JuliaLang / Distributed.jl

Create and control multiple Julia processes remotely for distributed computing. Ships as a Julia stdlib.
https://docs.julialang.org/en/v1/stdlib/Distributed/
MIT License
23 stars 9 forks source link

`pmap` still parallelizing after `rmprocs`? #72

Closed pazner closed 5 months ago

pazner commented 3 years ago

The first call to pmap after using rmprocs to remove all the workers still behaves as if it is running in parallel. The second call behaves normally:

julia> using Distributed

julia> addprocs(5);

julia> @time @sync pmap(i -> sleep(1), 1:10);
  2.711441 seconds (251.94 k allocations: 13.460 MiB)
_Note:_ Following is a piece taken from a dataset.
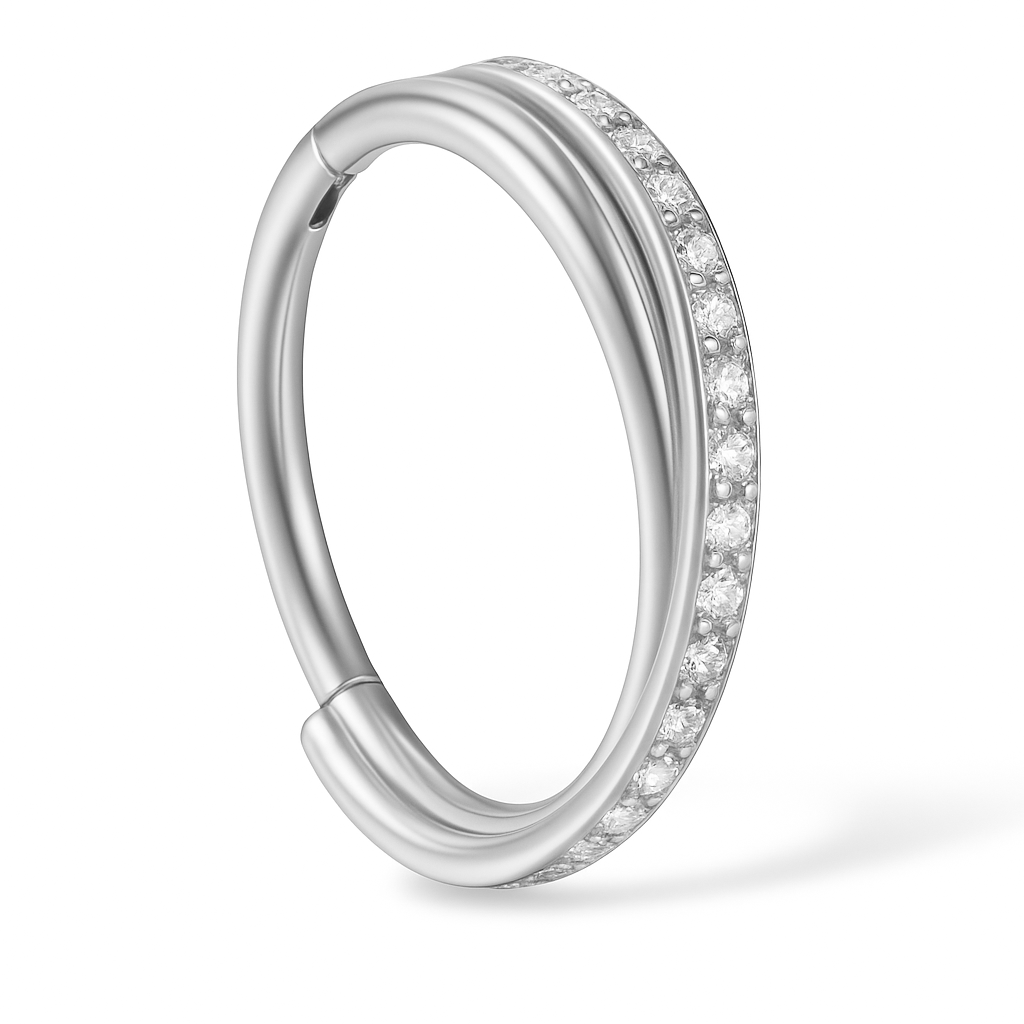 Titanium Clicker, durchwoben mit Zirkonen.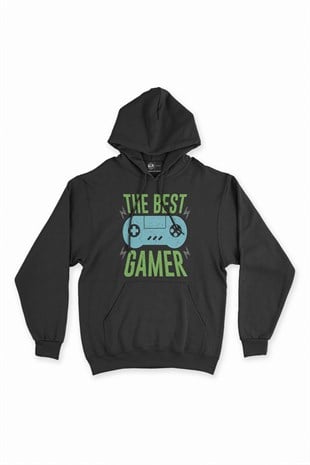 The Best Gamer Siyah Kapşonlu Sweatshirt Hoodie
julia> wait(rmprocs(workers()...))

julia> @time @sync pmap(i -> sleep(1), 1:10);
  2.111553 seconds (192.76 k allocations: 9.978 MiB)

julia> @time @sync pmap(i -> sleep(1), 1:10);
 10.135405 seconds (126.43 k allocations: 6.459 MiB, 0.12% gc time)

Version info:

Julia Version 1.5.0
Commit 96786e22cc (2020-08-01 23:44 UTC)
Platform Info:
  OS: macOS (x86_64-apple-darwin18.7.0)
  CPU: Intel(R) Core(TM) i7-4980HQ CPU @ 2.80GHz
  WORD_SIZE: 64
  LIBM: libopenlibm
  LLVM: libLLVM-9.0.1 (ORCJIT, haswell)
felixcremer commented 1 year ago

I think, that this is due to default_worker_poolnot being emptied from the rmprocs call. If we do a take! after the rmprocs, the default_worker_pool is empty and the pmap call runs sequentially as expected. Unfortunately I don't know what is happening in this call of take!.

julia> addprocs(5);

julia> @time @sync pmap(i -> sleep(1), 1:10);
  3.307411 seconds (115.06 k allocations: 5.953 MiB, 4.43% compilation time)

julia> default_worker_pool()
WorkerPool(Channel{Int64}(9223372036854775807), Set([35, 32, 36, 33, 34]), RemoteChannel{Channel{Any}}(1, 1, 28))

julia> wait(rmprocs(workers()...))

julia> default_worker_pool()
WorkerPool(Channel{Int64}(9223372036854775807), Set([35, 32, 36, 33, 34]), RemoteChannel{Channel{Any}}(1, 1, 28))

julia> take!(default_worker_pool())
1

julia> default_worker_pool()
WorkerPool(Channel{Int64}(9223372036854775807), Set{Int64}(), RemoteChannel{Channel{Any}}(1, 1, 28))

julia> @time @sync pmap(i -> sleep(1), 1:10);
 10.144675 seconds (72.51 k allocations: 3.716 MiB, 1.19% compilation time)
vtjnash commented 5 months ago

seems working now as expected

julia> @time @sync pmap(i -> sleep(1), 1:10);
  4.854871 seconds (2.19 M allocations: 110.307 MiB, 0.41% gc time, 26.33% compilation time)

julia> wait(rmprocs(workers()...))

julia> @time @sync pmap(i -> sleep(1), 1:10);
 10.106080 seconds (81.12 k allocations: 4.103 MiB, 0.83% compilation time)

julia> @time @sync pmap(i -> sleep(1), 1:10);
 10.106958 seconds (81.12 k allocations: 4.095 MiB, 0.83% compilation time)

even though default_worker_pool() still has out-of-date info before take!